I don't know how to thank you for all you've done for me these months. Without your help I would have crumbled. A lot of people have left you Owen and I understand that, but you shouldn't use that as an excuse to shut people out and cover your feelings with sarcasm. I consider you a friend now, and I just hope these past months have made me one in your eyes as well.

Ianto.

Jack,

I don't know how to say goodbye to you only that I'm sorry. I'm sorry I didn't tell you but I didn't want to be a burden to anyone. I didn't want to be pitied and treated like a porcelain doll. You've gave me a life I never would've had without you. You've taught and shown me so many things. I love you. There I've said it, wrote it and even though I try to believe you feel the same I know your heart belongs to someone else. I don't hate you for it, in fact I love you even more for not acting on those certain feelings. I will never forget you Jack, and who knows? Maybe one day you'll finally die and we can be together again.

Always, Ianto.

The letters left everyone in tears, Ianto was dead. He wouldn't be there in the morning to make them coffee, wouldn't be there to order pizza and wouldn't be there to help in times of need.

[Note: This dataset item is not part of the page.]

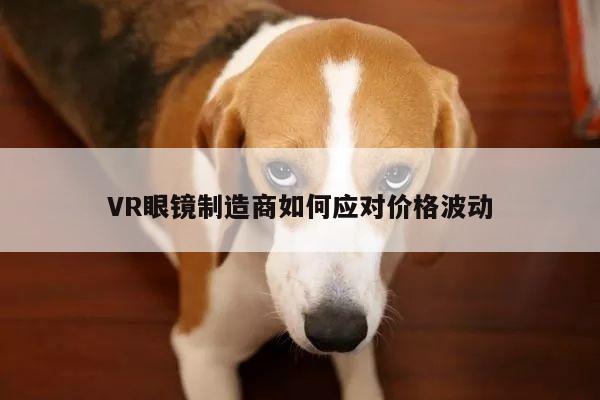 b体育官网|VR眼镜制造商如何应对价格波动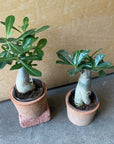 Adenium アデニウム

In time Gwen, Tosh and Owen would move on. Keeping one thing of Ianto's would keep him alive in their hearts.

Jack would regret his reluctance to tell Ianto sooner that he loved him, but would eventually realize that wherever Ianto was now, he would know of Jack's love, he would feel it and know that no matter who came into his life after him there'd be no one to ever replace that part in his heart for him.